Coincidentally, Reid’s tale was the first to which Schell referred after Lamar Hunt.

In part because of the coaching acumen that led to him becoming the fourth-winningest coach in NFL history. But really more because of personal traits, Schell said, such as “loyalty and second chances and not judging people that he really lives.”

Specifically in the first half of episode two, Schell said, Reid opened up far beyond what we might normally see and “let us in in a way we’re honored that he did. It was a privilege to get to tell his personal story, and I think it really gives you an understanding of how he got here and who he is.”

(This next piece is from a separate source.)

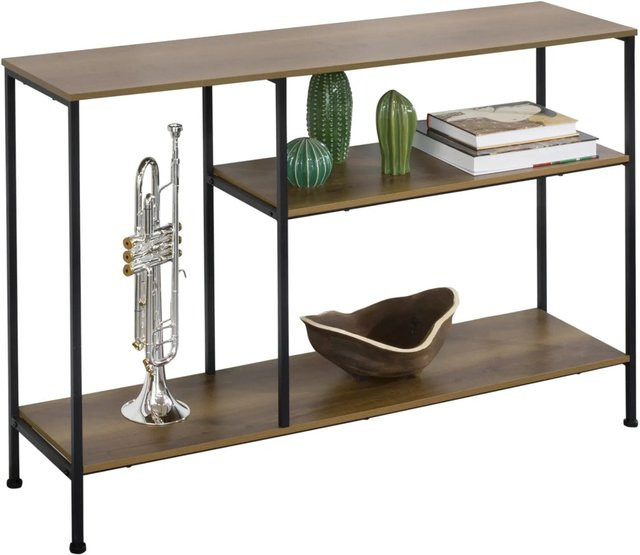 SoBuy Vintage Konsolentisch FSB35-PF mit 3 Ablagen in Natur/Schwarz, B/H/T: 120 x 80 x 30 cm - Bild 1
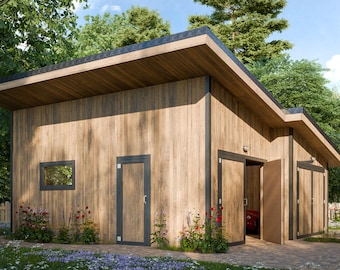 May include: A modern wooden garage with a flat roof and a dark trim. The garage doors are open, revealing a red car inside. The building is surrounded by greenery, including trees, flowers, and a white picket fence.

For his part, Reid said such things aren’t “really my deal” but that since the boss (Hunt) asked him to do it “I jumped in on it. So if I’m going in, I’m going in. I’m going to go all-in.” And any concerns he had about it being a distraction were unfounded because he “didn’t have to tell people to get back, get out of here, you know. That’s not what it was.”

Among other aspects that particularly reverberated with Schell were some background of Mahomes animated by home movies furnished by his mother, Randi, of him playing baseball and basketball as a child. Those include, Schell said, highlights of him at the 2000 World Series as a 5-year-old when his father was playing for the Mets against the Yankees in the so-called Subway Series.

Schell also was struck by such dynamics as defensive coordinator Steve Spagnuolo and his wife, Maria, making dinner for the defense. And current general manager Brett Veach “sort of deciding that he was going to stake his career” on Mahomes when he incessantly pushed Reid and then-GM John Dorsey to draft Mahomes.

Kansas City Chiefs quarterback Patrick Mahomes (15) hugs tight end Travis Kelce (87) after the Chiefs lost to the Philadelphia Eagles 40-22 in Super Bowl LIX on Sunday, Feb. 9, 2025, in New Orleans. Dominick Williams dowilliams@kcstar.com

Those were just a few of what Schell called “the inflection points” of the broader arc of the story that also focuses in on how Clark Hunt and his siblings seek to honor the legacy of their father and how Reid came to the Chiefs and what went into drafting Kelce and the relationship between Spagnuolo and Chris Jones.

And much more.

“You start to tell the story of each of these individuals,” Schell said, “and it adds up to something really special, right?”

Sure, maybe it could have been all the more special if the Chiefs had won that third straight Super Bowl instead of getting clobbered 40-22 by the Eagles.

“No, it’s not the outcome we wanted; let’s just start there,” Schell said. “But the show was always about the pursuit of greatness. … And that doesn’t always work out, right?”

Toward that pursuit end, I asked Schell if he saw parallels between Jordan and Mahomes. He said he preferred not to compare people in that way and noted that “The Last Dance” was made decades after the fact while this was in real time.

Instead, he answered with a wider range.

After the Chiefs lost the Super Bowl, he said, Mahomes was immediately back in the gym and Veach was instantly reviewing the game and preparing for the NFL Draft and Reid right away resumed driving into the office “at God knows how early in the morning.”

“It is an obsession with winning and an obsession with preparation,” he said, “that was unlike any I’ve ever seen.”

And now it’s what Donovan considers another global opportunity to share the story of the Chiefs — one Schell was rather uniquely qualified to tell.

“Now,” Schell said, smiling, “I’ve got to figure out something else in Kansas City.”